This November marks the 30th anniversary of Native American Heritage Month – a time to pay tribute to the ancestry and traditions of Native Americans. As tough as this past year has been, the amount of advocacy and community is something that I’ve never seen before.
There’s a sort of wave happening where compassion and culture are being used to connect one another. People are opening up and sharing their stories, their history and traditions on a larger scale.
When I first ran across indigenous artist Michaela Goade, I was taken away by her whimsical illustrations and artistic style. Shes uses paint and beautiful, carefully placed layers of watercolors to tell her story. Michaela is native to Alaska and a part of the Tlingit and Haida Indian Tribes.
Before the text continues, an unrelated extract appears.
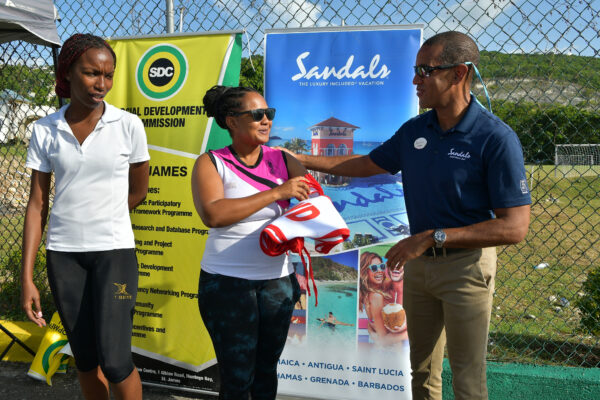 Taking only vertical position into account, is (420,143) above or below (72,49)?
Answer: below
As I dug a bit deeper into her work, I was struck by this book. The cover alone is powerful and the imagery is something that kids can immediately connect to.
We Are Water Protectors was written by Carole Lindstrom, who is part of the Ojibwe tribal band. The story goes through the importance of protecting our environment, traditions and community. Michaela Goade brings each page to life with sweeping landscapes, designs and colors that swirl and melt together.
One of my favorite parts of the book is on the final page, where Lindstrom includes “A Earth Steward and Water Pledge” that you can read out loud to your class. It’s a short poem that talks about protecting all living things, the water and the Earth by treating them with “kindness and respect.”
Helping children learn about culture and the emotions behind art history is something that we, as art teachers, get to do. The main theme of this reading is the ongoing issues with the Dakota pipeline and what that means to the native communities.
You can use this handout to have discussions about the Native American culture, and the importance of respecting the land and taking care of all forms of life.
This is meant to help your students understand the purpose of the book. Each question is meant to promote mindfulness and allow them to process the story and promote empathy for cultural traditions and the well-being of the environment.
Canadian artist Ted Harrison has a similar way of layering mountains and incorporating North American wildlife. Harrison was moved by the Yukon’s way of life and their reverence for nature. If you’re looking for a lesson idea to go along with this book, try Ted Harrison’s paintings of the Yukon. Both artists have an amazing way of merging cool and warm tones.
Teacher Tip: Instead of paint pens and tempera, try crayons, watercolors and markers as an easy (and affordable) alternative to the original Harrison lesson.
To celebrate Native American Heritage Month and accompany the book, we’ve included a helpful discussion handout for you below.
I hope this resource allows you to have important conversations in your art room and create beautiful artwork in the process.